TASK REQUIREMENTS — Print every entry again exactly, with no pictures.

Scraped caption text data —
···

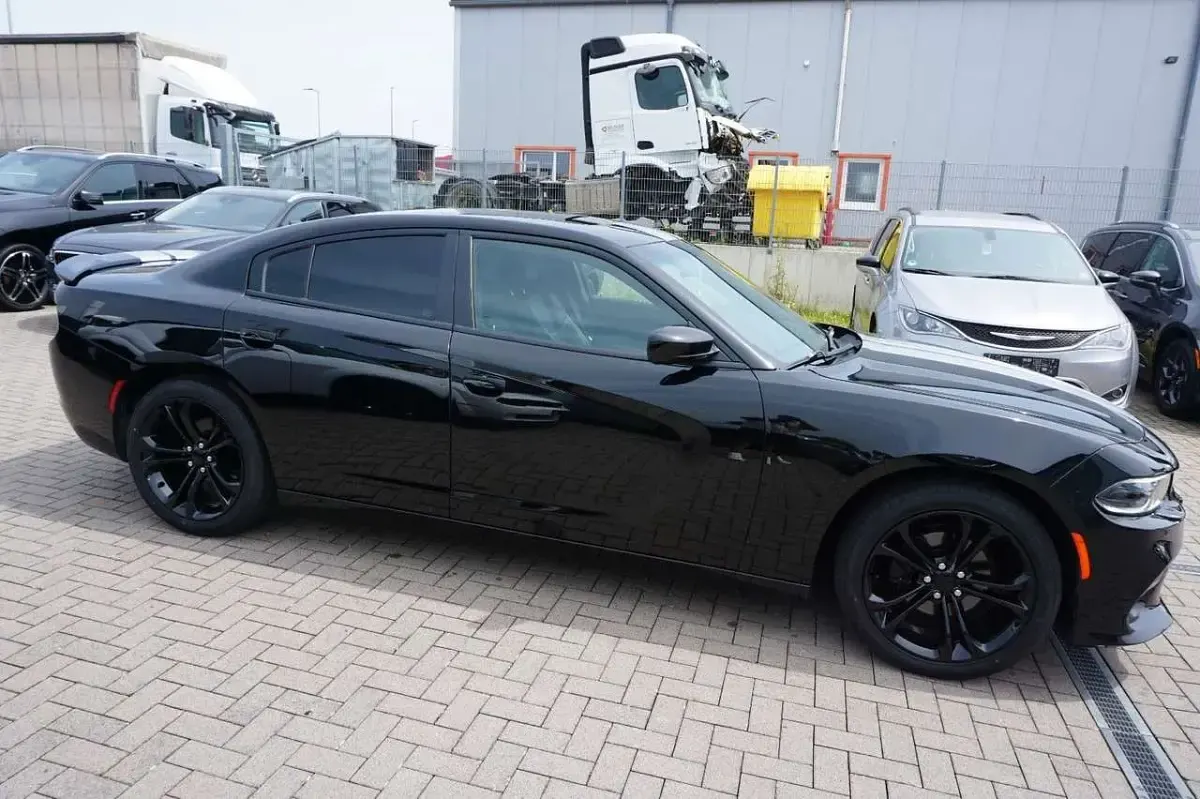 Gebraucht Dodge Charger 305 PS (224 kW) 2021 Mattschwarz Limousine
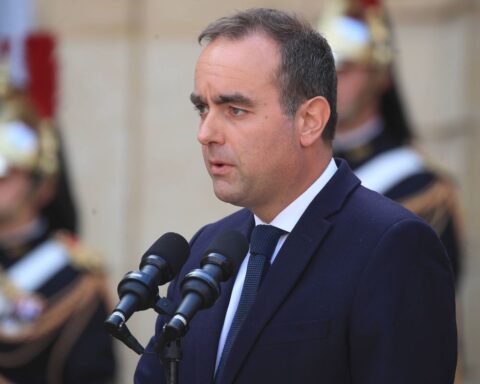 Sébastien Lecornu admet ne pas avoir le master de droit qu’il évoquait depuis 2016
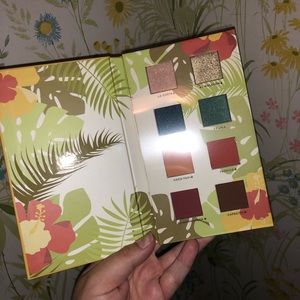 ALamar cosmetics Reina Del Caribe Vol. 1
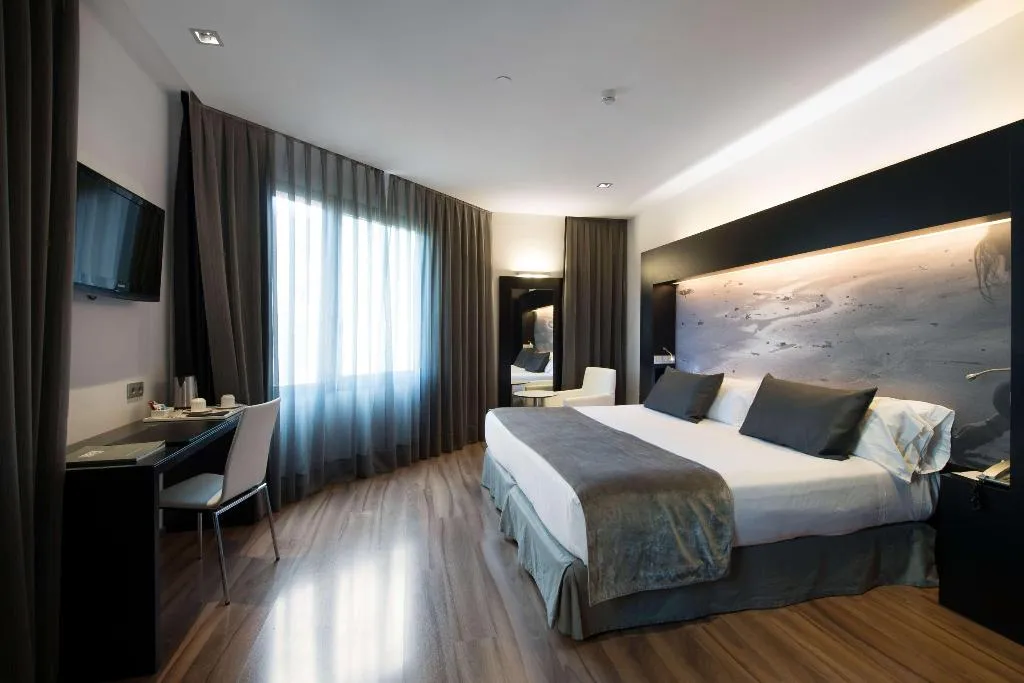Room, Catalonia Catedral, Barcelona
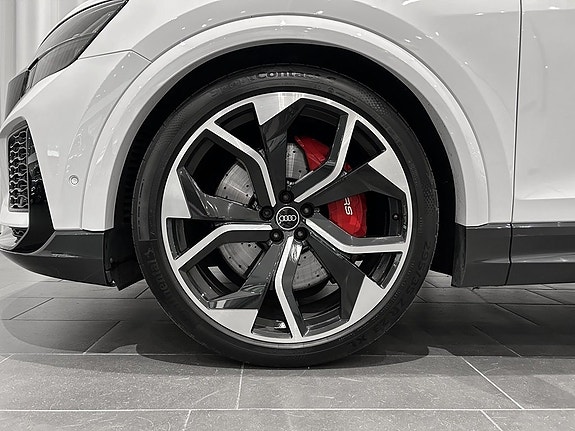 Audi RS Q8 6 of 21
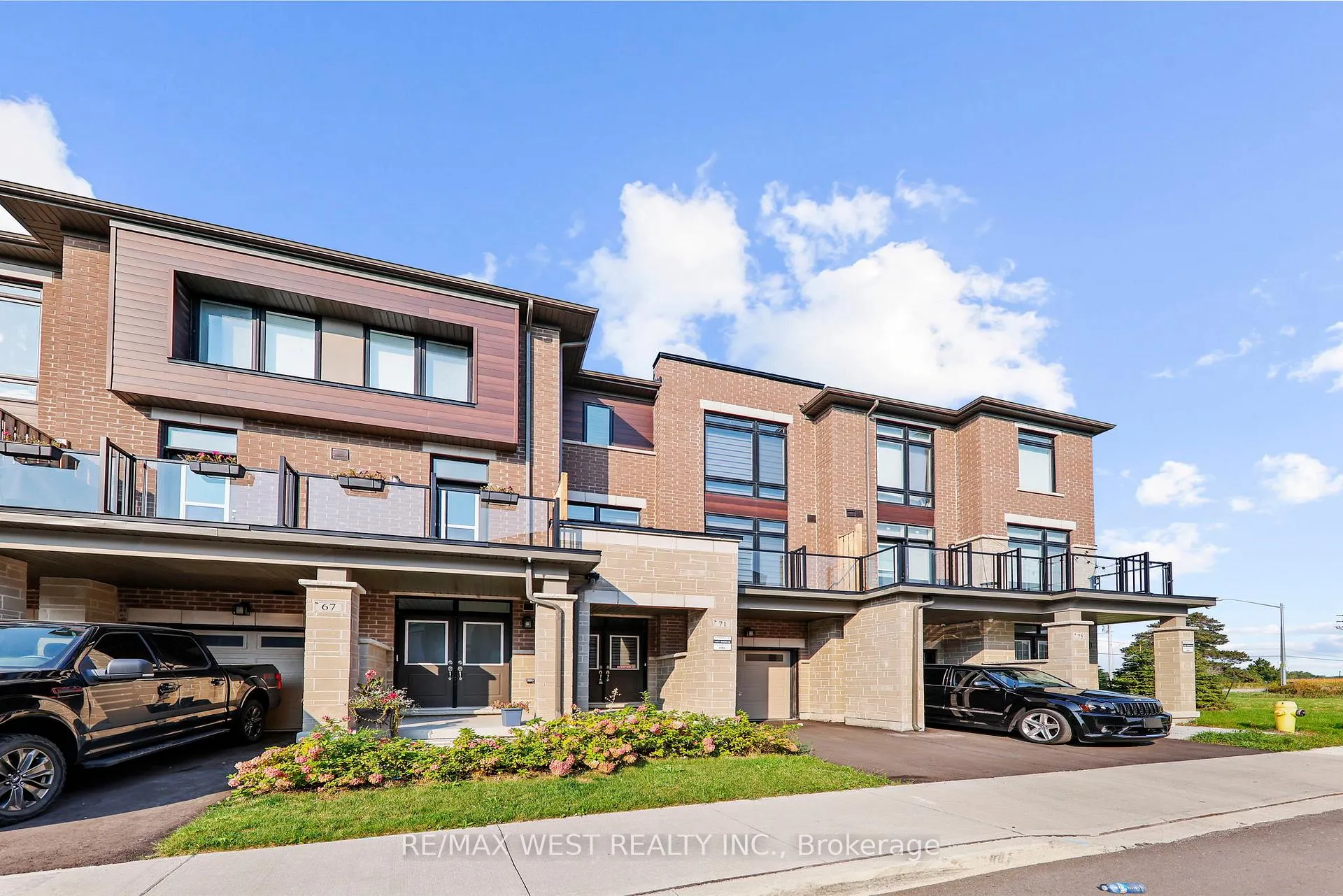 Photo 2 of 71 Holyrood Crescent, Vaughan, Kleinburg — HOMEH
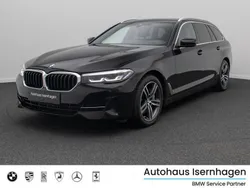 Schwarz Gebraucht 2022 BMW 530 Kombi | 34.998 € (Guter Preis)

···

RESULT OF THE EXERCISE —
 Gebraucht Dodge Charger 305 PS (224 kW) 2021 Mattschwarz Limousine
 Sébastien Lecornu admet ne pas avoir le master de droit qu’il évoquait depuis 2016
 ALamar cosmetics Reina Del Caribe Vol. 1
Room, Catalonia Catedral, Barcelona
 Audi RS Q8 6 of 21
 Photo 2 of 71 Holyrood Crescent, Vaughan, Kleinburg — HOMEH
 Schwarz Gebraucht 2022 BMW 530 Kombi | 34.998 € (Guter Preis)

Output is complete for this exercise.